Billingsley and her organizations, Mississippi Horses, are gearing up for their “Fun in the Country” event.
The event will take place at Muleshoe, located at 4400 County Road 23 in Coila, on Saturday, Nov. 10, from 2 p.m. until 5 p.m. Admission is $10, and there will be rides, games and a ride through the sanctuary where visitors can see the horses in their habitat. All proceeds will go toward the care of the horses and the upkeep and maintenance of the sanctuary.
If the name Huggins sounds familiar, Stephanie’s father Bunky, was a state senator for many years before his passing in 2006. A native of Greenwood, Huggins said Muleshoe is special to her because it’s on family land that’s been passed down. Now, she connects her love of family and horses there to give horses who have been abused, malnourished and neglected a new life.
“We see everything,” she said.
Billingsley said she hopes that people are educated on horses. She said there’s education out about abuse and neglect of dogs and cats but not a lot about horses. She hopes this event will give people more insight and that some of her horses find their new forever home on a range, ranch or even a stable.
She also said some horses rescued and brought to the sanctuaries were “kill buys” originally, meaning they’re purchased for slaughter and shipped to Europe.
“They eat horse meat in Europe,” she said cringing. “A lot of people don’t know that when you sell a horse at auction, you think you’re selling it to a trainer but you’re selling it to a kill buyer.”
She said she works to keep those horses safe from slaughter by bringing them the shelters to be rehabbed. She said people don’t realize how expensive a horse can be.
“They think you can just put them in the pasture. But, that’s not it. They have to be cared for, they have to be wormed, some have to be rehabbed, they have to be tamed and those costs can add up.”
Billingsley said those expenses alone are high and are sometimes too much for people to handle, so they abandon the horses.
Billingsley said some of the horses can’t be ridden but can be companion horses.
She said some horses that are purchased are drugged and when people buy them from a private seller or get them at an auction, they think they’re calm and tame but once the tranquilizer wears off, it’s a different story.
“They (the horse) go crazy, and people can’t tame them and don’t know how to,” she said.
Billingsley said she’s always getting calls to take in horses, and with her being the only equine facility in the state, it’s easy for her to reach capacity.
“I got a call where someone begged me to take two horses and I told her I was full, I couldn’t take them,” she said.
She said she works with law enforcement and takes horses who have been seized or left, and she works with In Defense of Animals, an animal sanctuary, that takes dogs and cats.
“When they call, I’ll take them,” she said.

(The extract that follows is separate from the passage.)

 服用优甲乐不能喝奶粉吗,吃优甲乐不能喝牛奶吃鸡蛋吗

Billingsley said she works with two veterinarians, one being a member of her advisory board for her Madison facility.
“He advises me when to euthanize a horse or not,” she said. “I don’t like doing that. I want to be able to rescue and rehab all the horses, but I can’t do that.”
She said some of the horses she takes in, they can’t be ridden for a reason – they are not trained.

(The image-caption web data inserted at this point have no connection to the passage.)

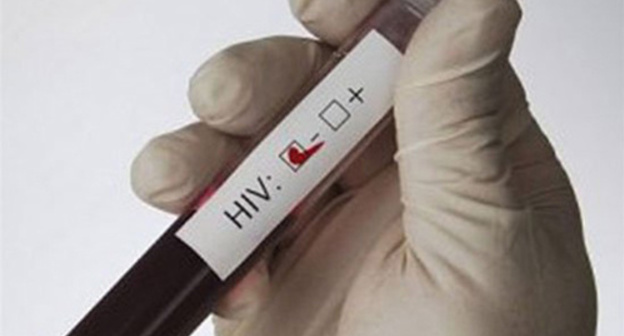 HIV blood test. Photo: http://www.spid.ru/spid/ru/news?page=14 HIV blood test. Photo: http://www.spid.ru/spid/ru/news?page=14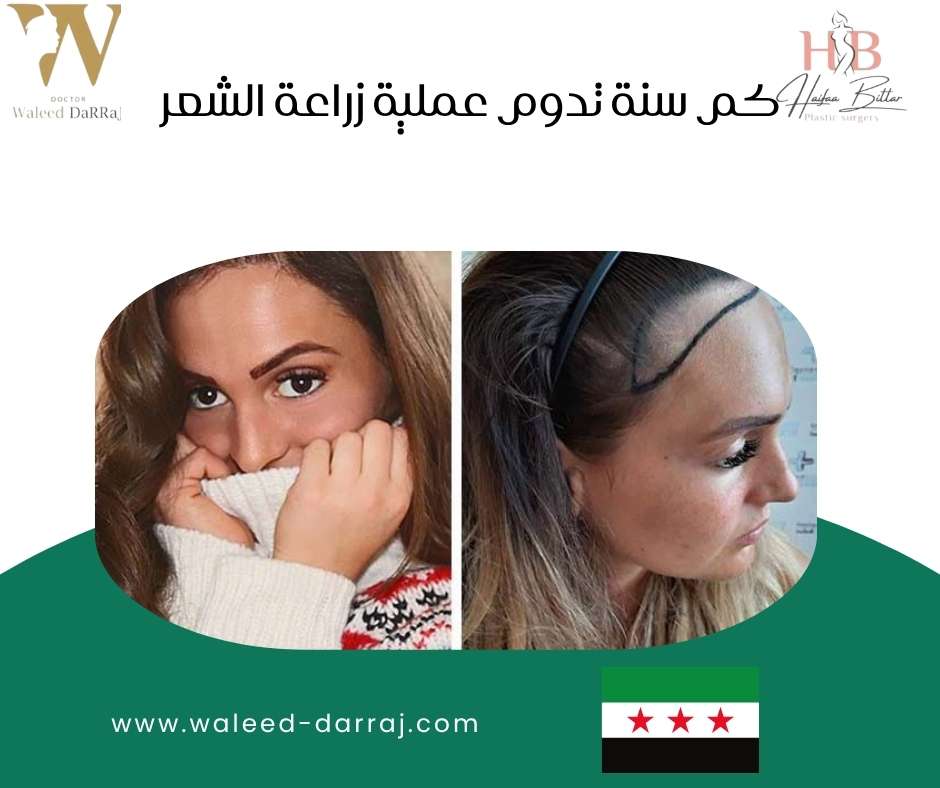 كم سنة تدوم عملية زراعة الشعر؟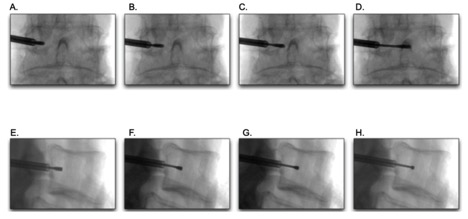 <p>Transpedicular Needle Positioning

“We have two trainers that we work with. Christie Galey stays here at Muleshoe, and she also gives horseback lessons. We allow Christie to use the horses whenever she needs them.”
That’s how Kathryn Allman became involved.
“They met because her children take lessons from Christie,” Billingsley said.
After learning more about Mississippi Horses and what the organization does, Allman wanted to get involved.
“My family has two rescues from Mississippi Horses, and I know many, many more families in the area who also have adopted horses from this organization. One of the best reasons to adopt from Mississippi horses is that the horses are fully-vetted and evaluated before they are adopted out. All those adopting animals must be approved as well, Kathryn Allman said.
Billingsley said there is an extensive list before an adoption is approved for a horse to ensure it’s going to an environment that is safe.
Allman praised Mississippi Horses for their work of matching owners.
“The rescue does a fantastic job of matching the horses with owners. For example, if a horse needs an experienced rider, Mississippi Horses makes sure that the horse doesn’t go to someone who doesn’t have the experience to safely ride and handle that animal.”